Stephen Pittam: A set of shared values which can unite communities and bring people together.
Cecile Lansford: We live in the western world and generally we have all of our human rights. It's very important to appreciate them.
Jake Furby: They're universal, they apply to everybody.
Stephen Pittam: What we're doing in York is about making human rights real. York is a wonderful city, a place where history is lived.
Cecile Lansford: You can just walk into the city center and see the minister and be around the history.
Paul Wordsworth: It's diverse, it's multicultural.
Jake Furby: It's very bohemian and there's a massive political activist movement.
Stephen Pittam: It has a dissenting, radical base to the society. We asked people: what rights do you think are important for us here in York?
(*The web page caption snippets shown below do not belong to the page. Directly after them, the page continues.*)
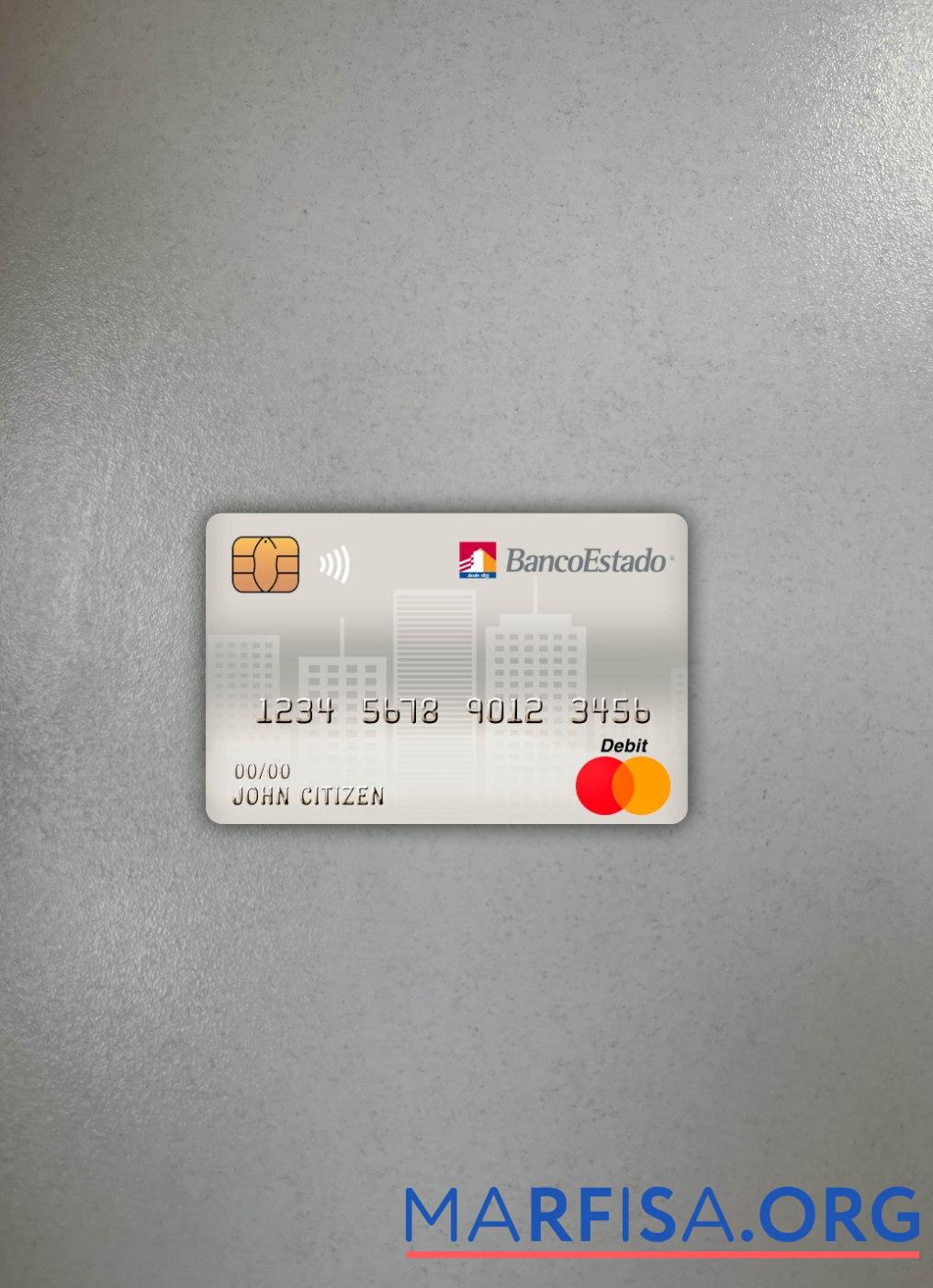 Blank Chile Banco del estado de chile bank master debit card photolook front download for verification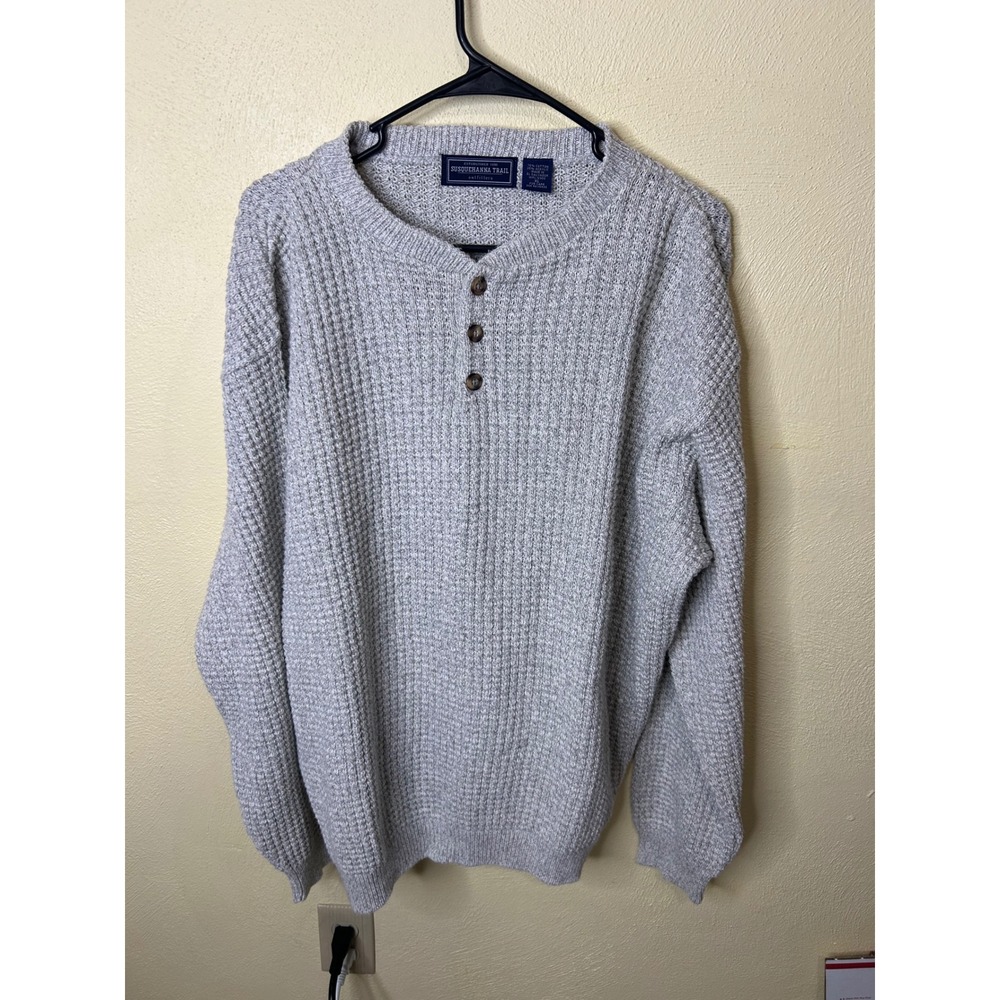 Susquehanna Trail Outfitters Mens XL Grey Knit Henley Sweater Cotton Blend - Picture 1 of 3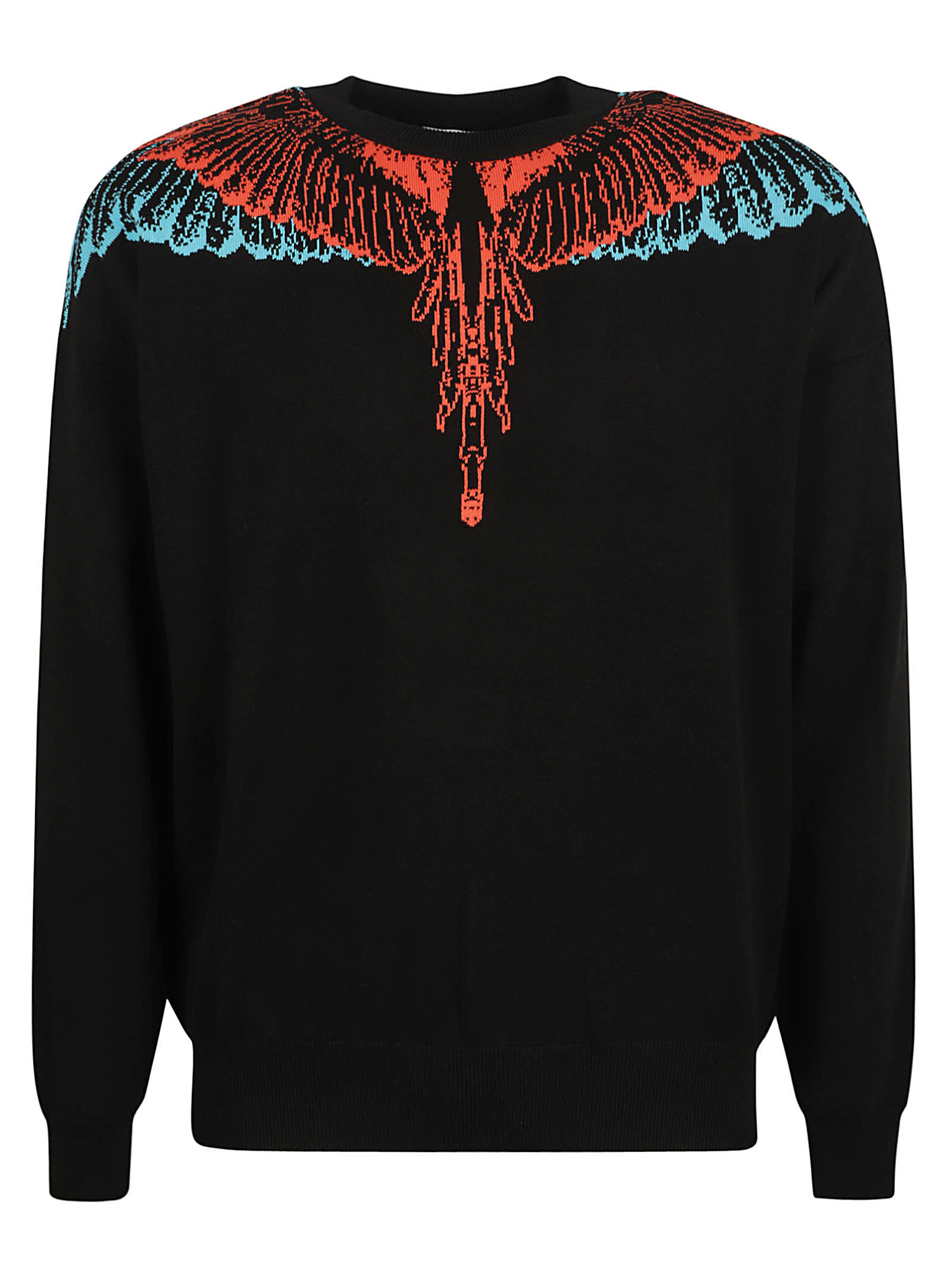 Shop Marcelo Burlon County Of Milan Icon Wings Knit Boxy Crewneck Sweatshirt In Black/red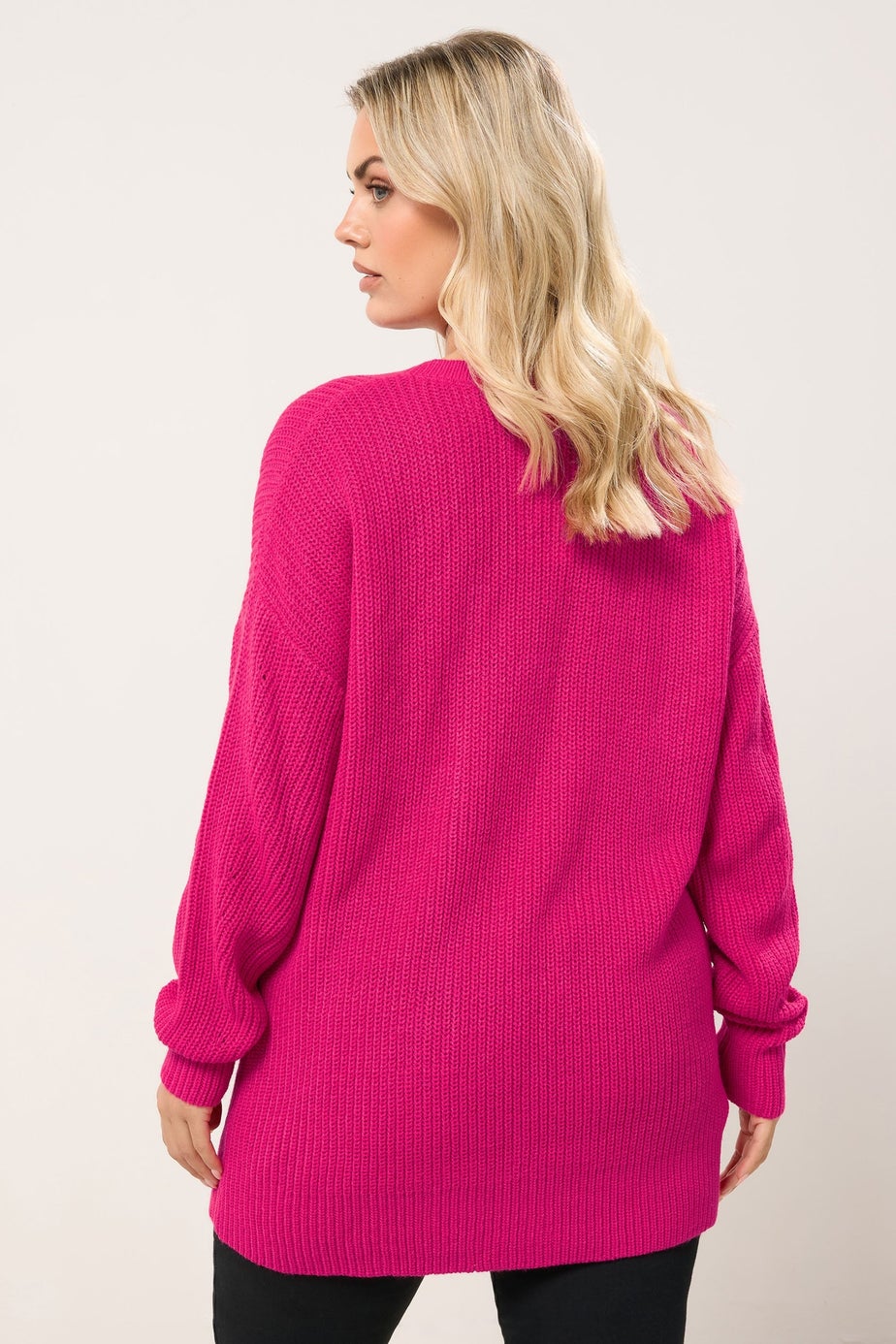 Yours Curve Hot Pink V-Neck Drop Shoulder Jumper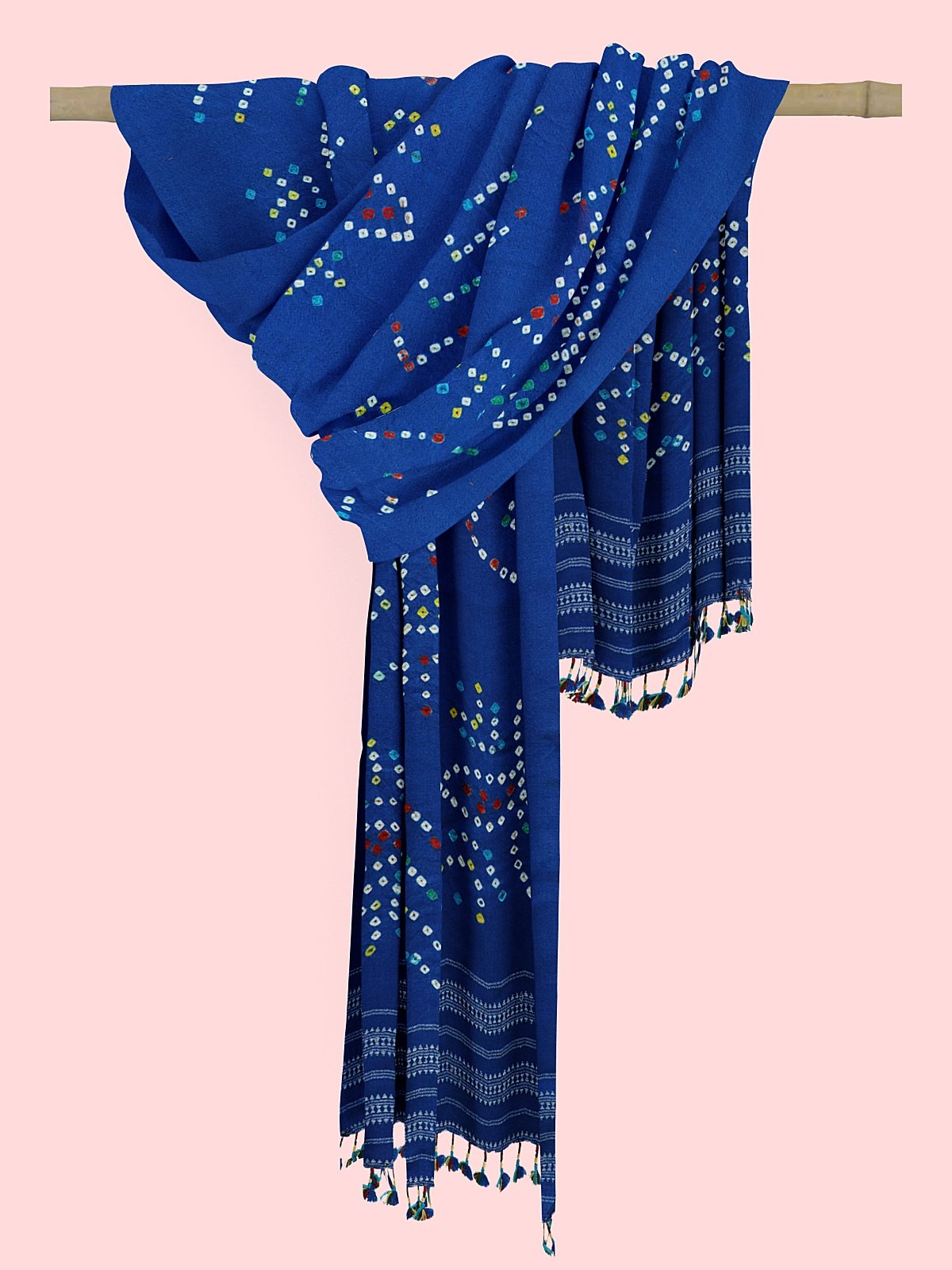 Handmade Cashmilon Blue Color Shawl (6)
We're going to monitor on those rights every year, to see how things are moving.
Cecile Lansford: Obviously, the right to education affects me massively, because that's one of the main reasons I'm here.
Paul Wordsworth: I work with refugees, asylum seekers and migrants. They are seeking asylum so they're seeking a basic human right. I'm involved in helping them to attain that basic right.
Jake Furby: I'm from the York LGBT forum. We have a great working relationship with the applied centre for human rights.
Paul Wordsworth: I think a lot of people have an idea that human rights is something to do with people somewhere in another part of the world. But in fact, it is something about everybody, universal.
Cecile Lansford: Helping to realise how relevant they are here can help everyone to realise how we can help people who are very desperately in need of human rights.
Stephen Pittam: It is at the local level, that human rights become real to people.
Paul Wordsworth: In five years time, I would hope that the wider population of the city have a deeper understanding of human rights.
Cecile Lansford: I would like for that to be everyone in education, everyone having a house, everyone getting the social and healthcare that they need.
Jake Furby: It'd be great if the country could move towards other places in the UK declaring themselves as human rights cities.
Cecile Lansford: The first step to that is having everyone be aware of what human rights are and why we need them.
Stephen Pittam: Cities as places where this framework can be actually implemented is really important.